§ TASK BRIEF: Transcribe the data verbatim and drop its images.

(MATERIAL PROVIDED)

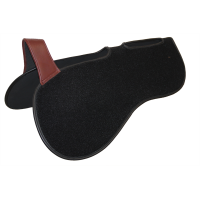 Neopren-Sattelkissen Flags & Cup Preto Neopren-Sattelkissen Flags & Cup Preto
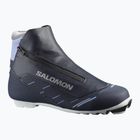 Dámske topánky na bežecké lyžovanie Salomon RC8 Vitane Prolink black L47030500+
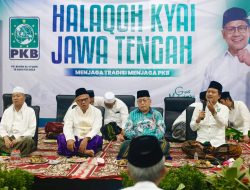  Jelang Muktamar, Kiai se Jateng Usulkan Ketua Dewan Syuro PKB, Salah Satunya Kiai Munif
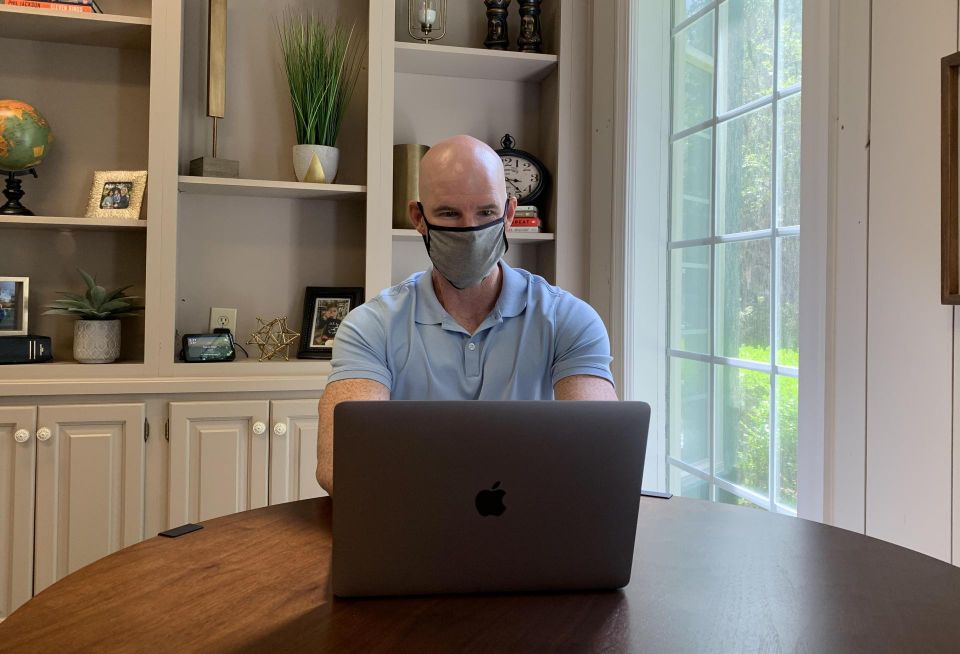 TFLiving Chief Operating Officer Jason Deppen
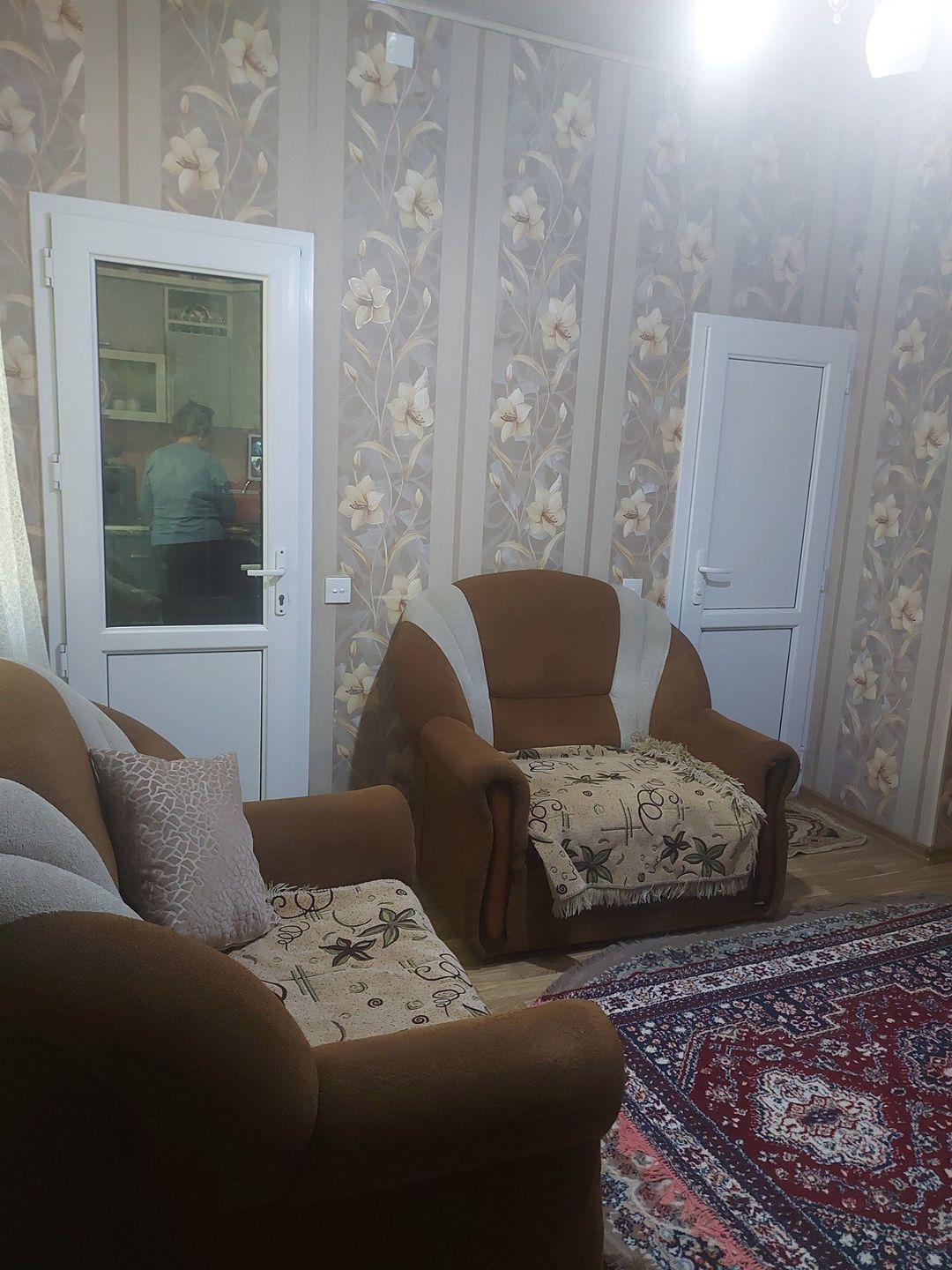 Satılır 3 otaqlı köhnə tikili 46 m² — Mənzil, Bakı (5)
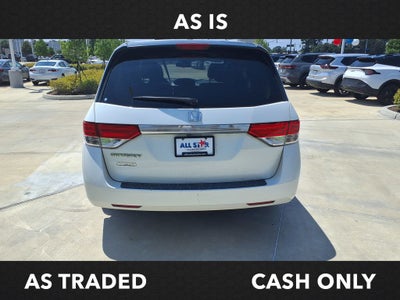 2016 Honda Odyssey EX-L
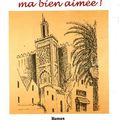 Oujda. Oujda. un livre inoubliable de Abderrahmane Zenati.  ADIEUX OUJDA MA BIEN-AIMEE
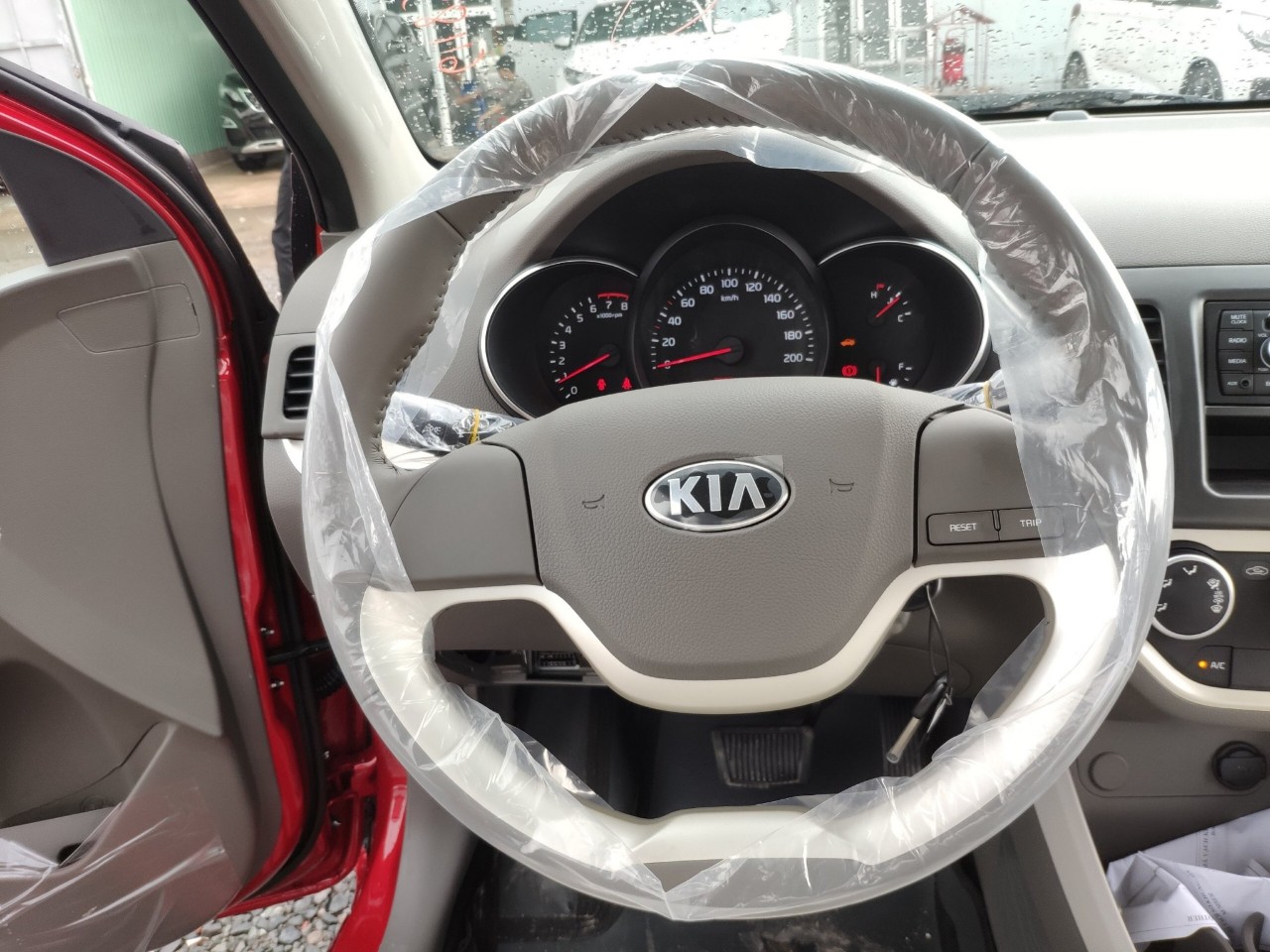 Kia Morning  1.25 MT 2019 - Bán Kia Morning MT 2019 chỉ 98 triệu nhận xe ngay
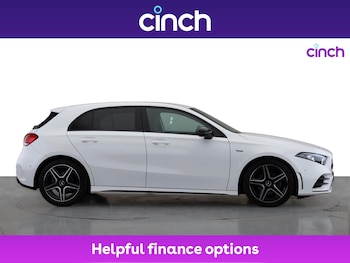 Used Mercedes-Benz A-Class 2022 for sale - 75685592: Photo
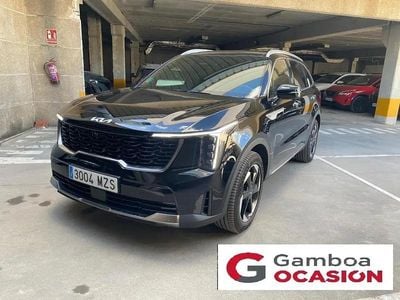 Occasion Kia Sorento 215 PK (158 kW) 2025 Zwart SUV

(End MATERIAL PROVIDED)

§ OUTPUT OF THE EXERCISE:
 Neopren-Sattelkissen Flags & Cup Preto Neopren-Sattelkissen Flags & Cup Preto
 Dámske topánky na bežecké lyžovanie Salomon RC8 Vitane Prolink black L47030500+
  Jelang Muktamar, Kiai se Jateng Usulkan Ketua Dewan Syuro PKB, Salah Satunya Kiai Munif
 TFLiving Chief Operating Officer Jason Deppen
 Satılır 3 otaqlı köhnə tikili 46 m² — Mənzil, Bakı (5)
 2016 Honda Odyssey EX-L
 Oujda. Oujda. un livre inoubliable de Abderrahmane Zenati.  ADIEUX OUJDA MA BIEN-AIMEE
 Kia Morning  1.25 MT 2019 - Bán Kia Morning MT 2019 chỉ 98 triệu nhận xe ngay
 Used Mercedes-Benz A-Class 2022 for sale - 75685592: Photo
 Occasion Kia Sorento 215 PK (158 kW) 2025 Zwart SUV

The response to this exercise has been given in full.